The entries below must be retyped in full. Keep every word the same.

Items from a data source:
====================

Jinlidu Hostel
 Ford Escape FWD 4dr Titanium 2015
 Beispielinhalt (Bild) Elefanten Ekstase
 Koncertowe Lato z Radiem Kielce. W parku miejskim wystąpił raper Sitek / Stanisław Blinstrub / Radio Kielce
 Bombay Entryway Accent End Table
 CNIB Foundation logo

====================

- [Answer]:
Jinlidu Hostel
 Ford Escape FWD 4dr Titanium 2015
 Beispielinhalt (Bild) Elefanten Ekstase
 Koncertowe Lato z Radiem Kielce. W parku miejskim wystąpił raper Sitek / Stanisław Blinstrub / Radio Kielce
 Bombay Entryway Accent End Table
 CNIB Foundation logo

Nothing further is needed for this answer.